If you’ve ever fantasized about what it would have been like to work as a Victorian governess in a faraway land, you might want to consider the current position a tiny Highland community in northern Scotland has for one teacher.
The people of Scoraig—a remote peninsula replete with windmills, misty moors, and stunning sea views—are searching for a teacher “with physical and emotional stability” who can run a primary school with only five students. However, they’re having trouble attracting qualified candidates.
Located 150 miles north of Glasgow, Scoraig is only accessible by boat or via a winding, three-mile footpath. Its winters are harsh. Mail is delivered just three times per week. And the community itself attracts a certain self-selecting breed of rugged individualism. Its 70 inhabitants grow their own food, make their own clothing, produce their own electricity, and generally live off the land. So far, the right educator hasn’t been tough—or adventurous—enough to commit to the job.
Scoraig is currently relying on temporary teachers, who travel in and out of the region via ferry.
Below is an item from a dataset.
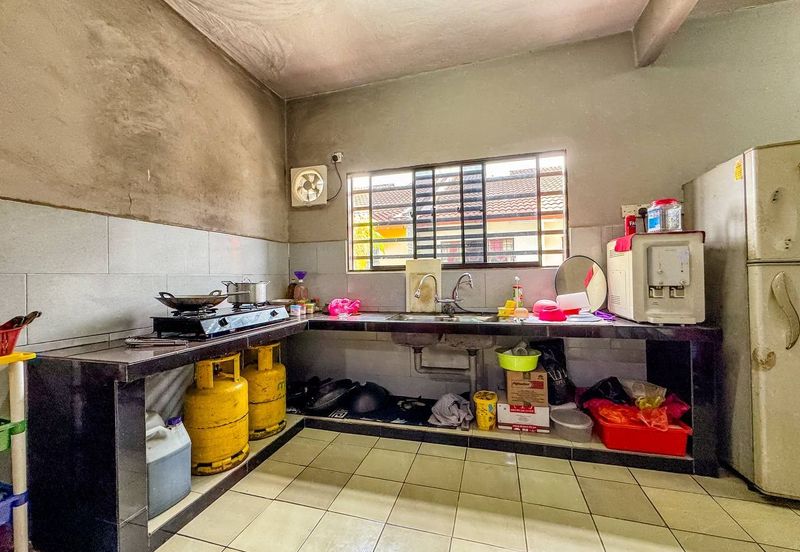 Taman Saujana Kapar Baru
However, this makeshift solution will only work for so long. As the employment listing states, “more babies [are] on the way.” Pretty soon, the school will expand—and by then, Scoraig will need to have found a full-time faculty member.
The annual salary range is roughly $33,500 to $53,500—an amount that’s sure to go far in a region with no grocery stores, bars, shopping centers, or restaurants. Applications are due by September 21, 2015, and can be filled out online. And yes, despite Scoraig's far-flung location, you do need an official teaching qualification to apply.